+++ RECORDS FOR THE EXERCISE

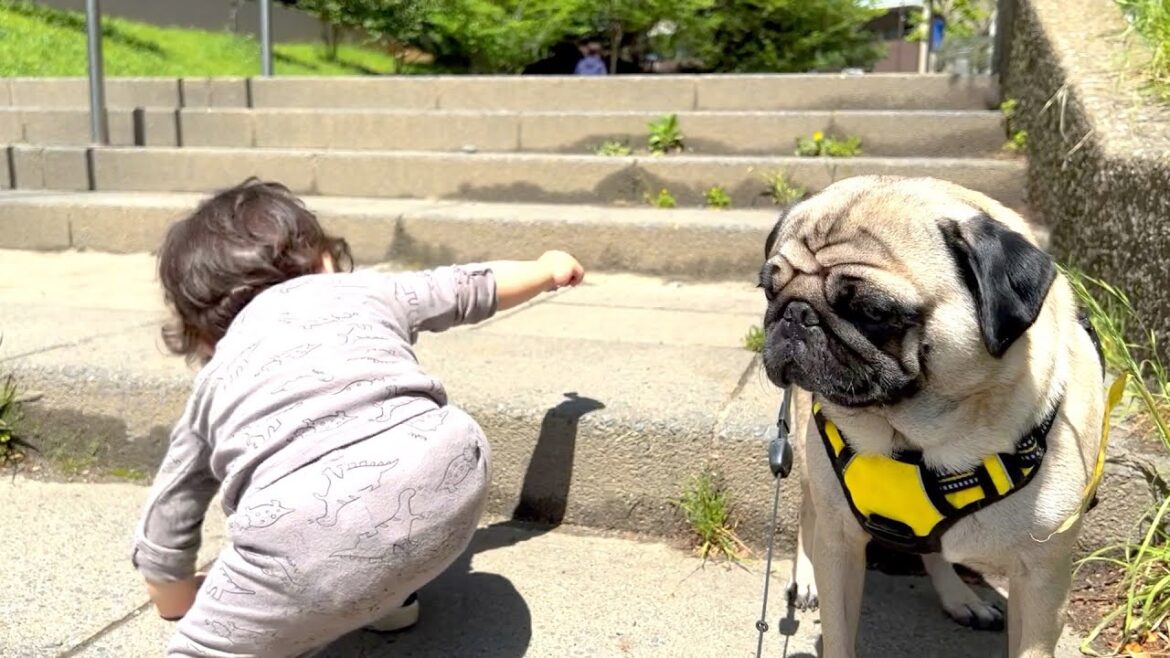 弟のペースに合わせておさんぽするパグが可愛すぎる【パグ2歳】
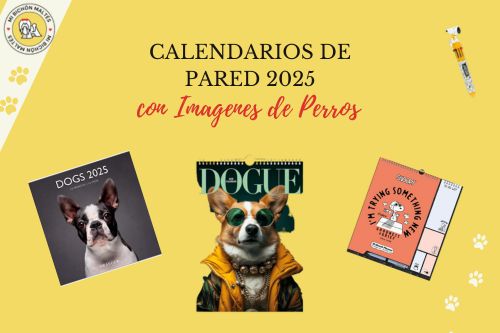 mejores calendarios de pared de perros 2026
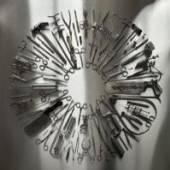  SURGICAL STEEL LP [VINYL] - supershop.sk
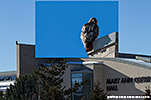 red-tailed Hawk
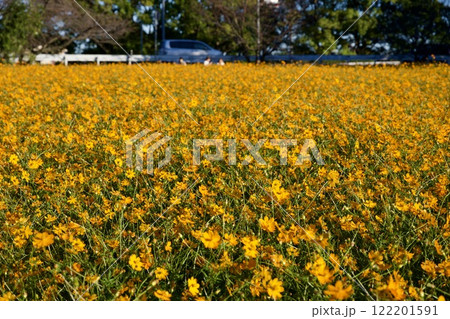 あまがさき武庫川コスモス園（2024年, 兵庫県尼崎市） 122201591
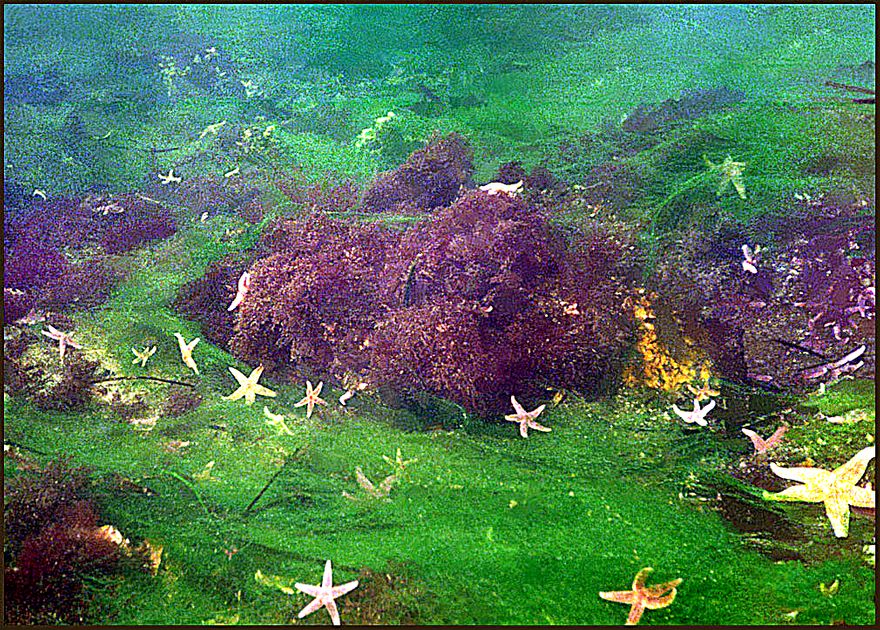 - here a bottom section completely covered by green algae, - and many starfish - (Photography by Karsten Petersen ©)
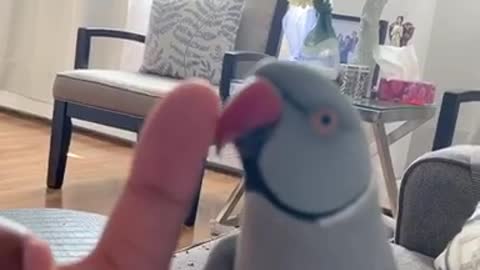 Parrot absolutely loves to play "boop" game with owner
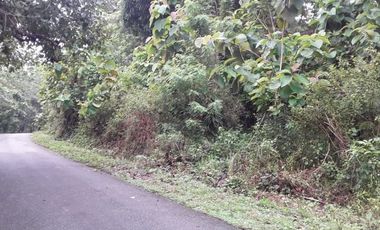 Tanah abeli strategis dekat pelabuhan bungkutoko dan terminal konteiner pelindo 4 kota kendari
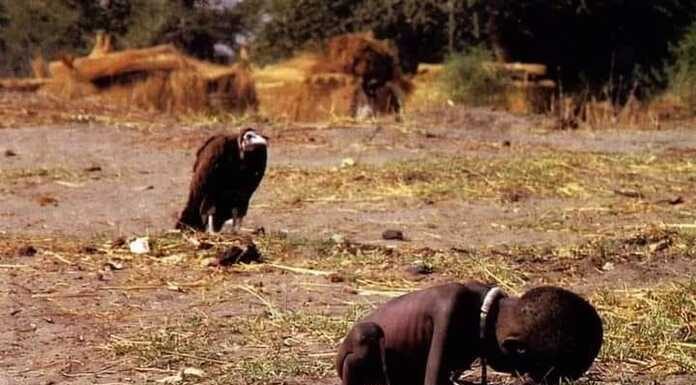 Υπήρχαν δύο γύπες εκείνη την ημέρα! Ο ένας κρατούσε “κάμερα” Υπήρχαν δύο γύπες εκείνη την ημέρα! Ο ένας κρατούσε κάμερα.”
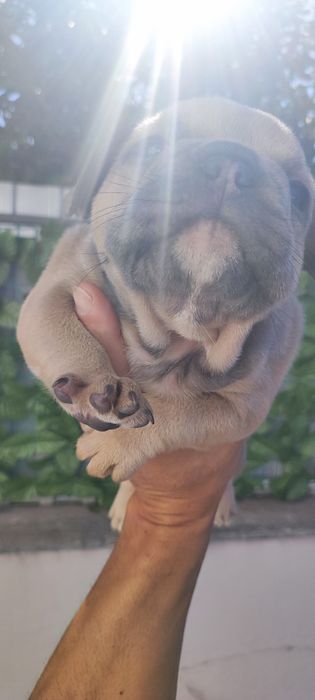 Bulldog francês fêmea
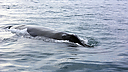 Whales_DSC0386.jpg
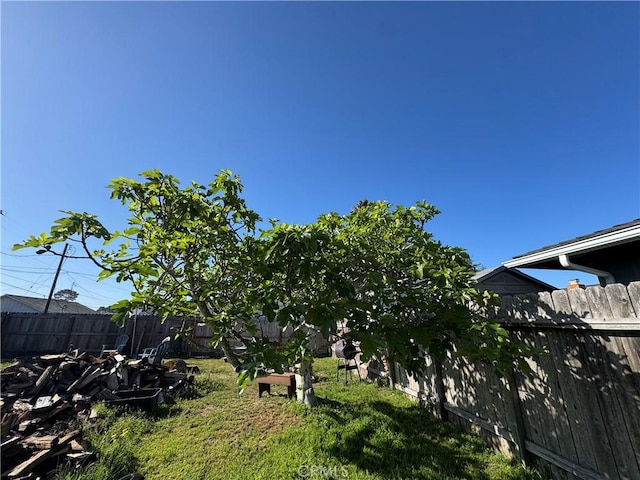 1078 Maple St, Arroyo Grande, CA 93420 - view of yard with a fenced backyard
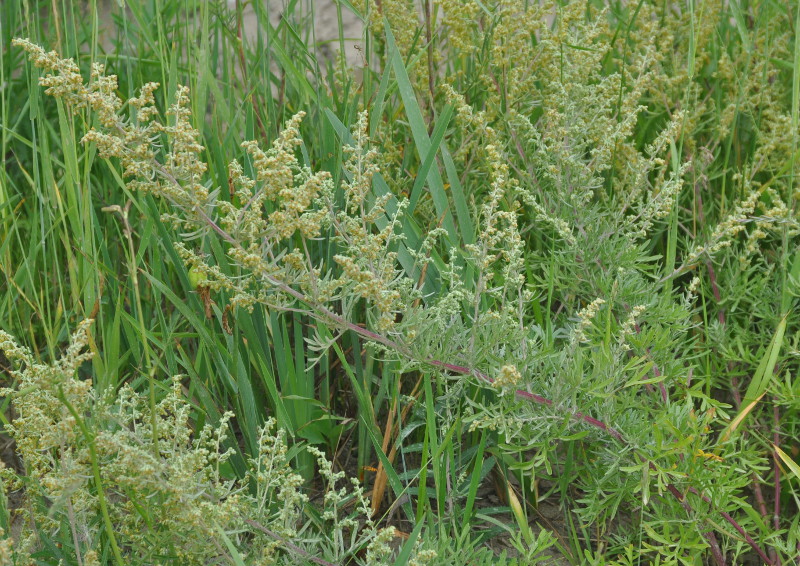 Image of Artemisia pannosa specimen.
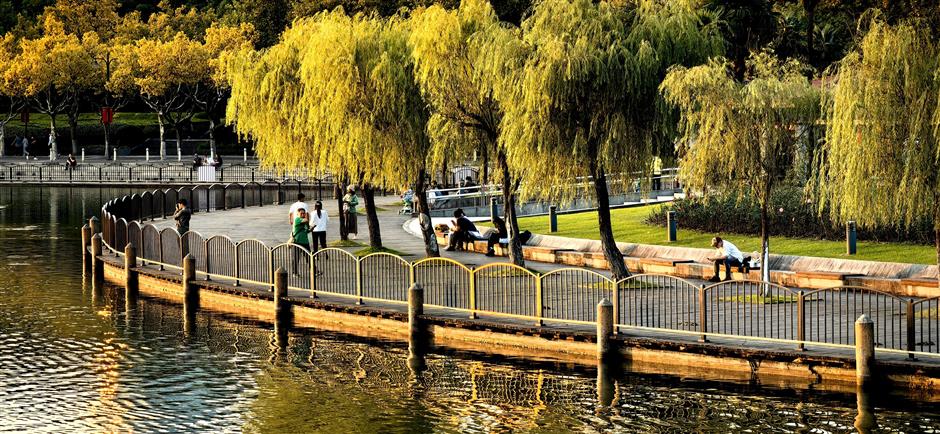 the night owls are out in shanghai parks as city green spaces open 24/7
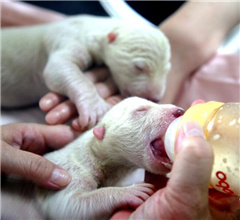 ���F���������L�s��L�����f�K��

++++++

== WORK TASK ==
Set down every entry above verbatim, without pictures.

== RESULT BELOW ==
 弟のペースに合わせておさんぽするパグが可愛すぎる【パグ2歳】
 mejores calendarios de pared de perros 2026
  SURGICAL STEEL LP [VINYL] - supershop.sk
 red-tailed Hawk
 あまがさき武庫川コスモス園（2024年, 兵庫県尼崎市） 122201591
 - here a bottom section completely covered by green algae, - and many starfish - (Photography by Karsten Petersen ©)
 Parrot absolutely loves to play "boop" game with owner
 Tanah abeli strategis dekat pelabuhan bungkutoko dan terminal konteiner pelindo 4 kota kendari
 Υπήρχαν δύο γύπες εκείνη την ημέρα! Ο ένας κρατούσε “κάμερα” Υπήρχαν δύο γύπες εκείνη την ημέρα! Ο ένας κρατούσε κάμερα.”
 Bulldog francês fêmea
 Whales_DSC0386.jpg
 1078 Maple St, Arroyo Grande, CA 93420 - view of yard with a fenced backyard
 Image of Artemisia pannosa specimen.
 the night owls are out in shanghai parks as city green spaces open 24/7
 ���F���������L�s��L�����f�K��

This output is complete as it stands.